I love this story.  I love to think that in one fell swoop, in a matter of a few hours, God could sashay down from on high and give me a lickin’ that will adjust me to proper tickin’!  The part of me that is tired of constant striving- like the diet that just won’t yield the desired results- would embrace even a few days of such a tussle.  Truthfully, it just continues to be a process for me, but with some subtle changes of late.  There are messages I cannot ignore.  There are realities pressing in that threaten the integrity of my deepest Self.  I must act, or perhaps face years of denying what is Truth, and this will wither me.  Perhaps my hip has been touched and I am limping slightly, and I am finally ready for the face-to-face.  The alternative is unthinkable, finally.  Leave Your Mooring.  Something has to change.  I must be braver than I have been, and trust that I will be fed wherever I am led.  Heck, I just have to trust I will be LED.  Because I will.  I know this in my inmost places.  I am just biding my time in KNOWING, instead of ACTING it so.

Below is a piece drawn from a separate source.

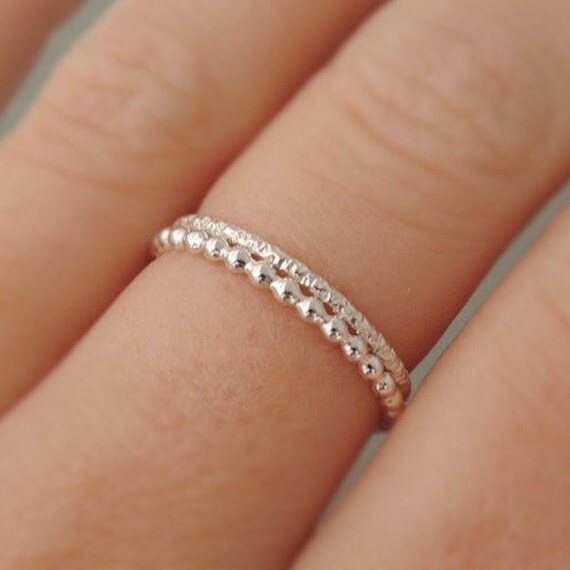 thin silver ring with tiny diamond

To re-phrase the Byrds’ lovely lyric:  there is a time to read so many, many spiritual books; a time to listen; a time to write and fold the papers and put them away; and a time to take them out, polish them up, and send them off.  There is a time to put all that you know into practice.  To not pull out any more resources to see what they suggest about what to do next.  You see, your Deepest Self already knows Truth.  She has written it from the beginning of time, abides with it outside the realms of time and space, and speaks it even now.  Just trust.  And Leave Your Mooring.  Now.

Responses

What a wonderful post. It takes tremendous bravery to trust that much. We risk nothing because we are afraid, but in doing so, we risk so much more.

Wise words. Thank you for that.

Thanks for dropping by again, Andy!

I lost my mooring last fall. Hanging on nearly killed me. I still try to cling so goddamned tightly, but I know now I can at least float if I let go. So I let go here and there.

Ian just learned to ride a 2 wheeler yesterday. I think your experience and mine are like his. He resisted and resisted out of fear of crashing. Once he finally trusted himself to pedal and steer, he was like taking to flight. I suppose we have our own 5 year olds unwilling to pedal.